The better option, she says, is to encourage women to think of stereotypically female characteristics as a strength, not a weakness. Get them to think of a negotiation as a joint effort to solve a crossword puzzle, not as a chess game where one side is trying to outflank the other.
“What I’m trying to do when training future managers is show that there’s a lot you can do before you get to the bargaining table to psych yourself up, to really understand how the stereotype might be undermining your performance,” she says.
Ms Kray’s other main area of study has been in group decision-making. How do you stop groups of workers from making bad decisions when the information needed to make better ones is already known to one member of the group, or to a minority, she asks.
Group-think involves a safe consensus around what is already generally known. Individuals with unique but important information are often afraid to share it, while others are not prepared to listen. Groups converge instead around shared knowledge.
Mental exercises that prompt group members to think more critically can counter that deadening effect, according to Ms Kray. She stages classroom discussions as exercises: students discuss the failure of Nasa technicians to anticipate the catastrophic technical failure that brought down the space shuttle Challenger, for instance, or the inability of US intelligence services to identify the plot to destroy the World Trade Center as it took shape.

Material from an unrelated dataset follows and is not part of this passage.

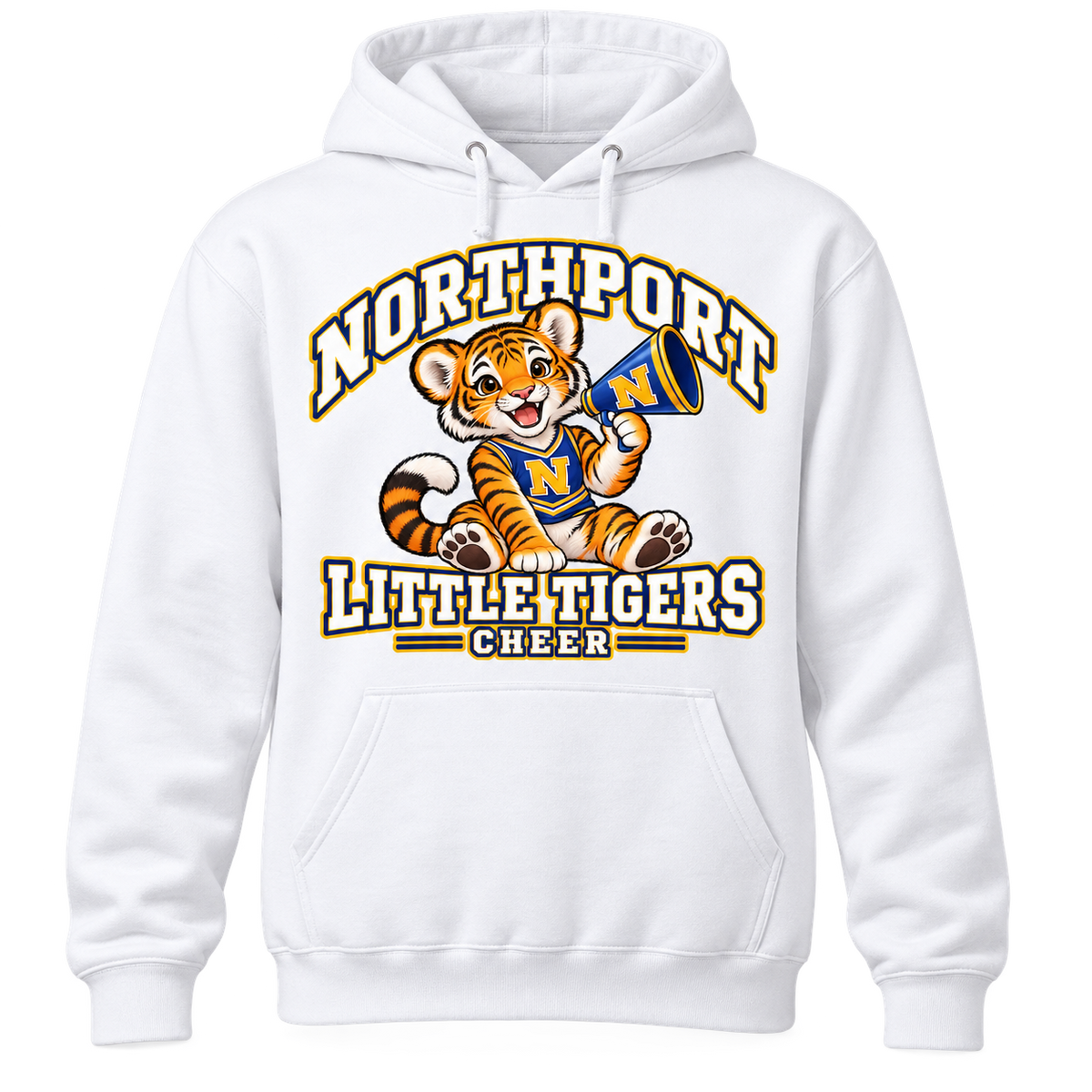 Northport Little Tigers Cheer Adult Pullover Hoodie — White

Prompting group members to discuss cases such as these induces what she calls a “counterfactual mindset” – a greater willingness to consider things not as they actually happened, but as they might have happened. “By activating that, you can get people to think more analytically,” she says.
The message from experimental business school studies such as these is: in the practice of management, awareness and preparation are all.
When it comes to preparing for a negotiation, says Ms Kray, it would pay to make employees aware of the sexual stereotypes that dominate their thinking – and, rather than fight them, to accentuate their positive aspects. “It’s about showing people what their beliefs are and how it affects their performance,” she says.
Meanwhile, when starting a meeting where important decisions will be taken, think of carrying on a discussion beforehand as a form of mental limbering-up, preferably focusing on any example where important information that could have affected the outcome of a decision was ignored.
“By getting people to think counterfactually ahead of time, it improves the decision-making,” says Ms Kray.
This is the fourth and final article in the ‘women to watch’ series.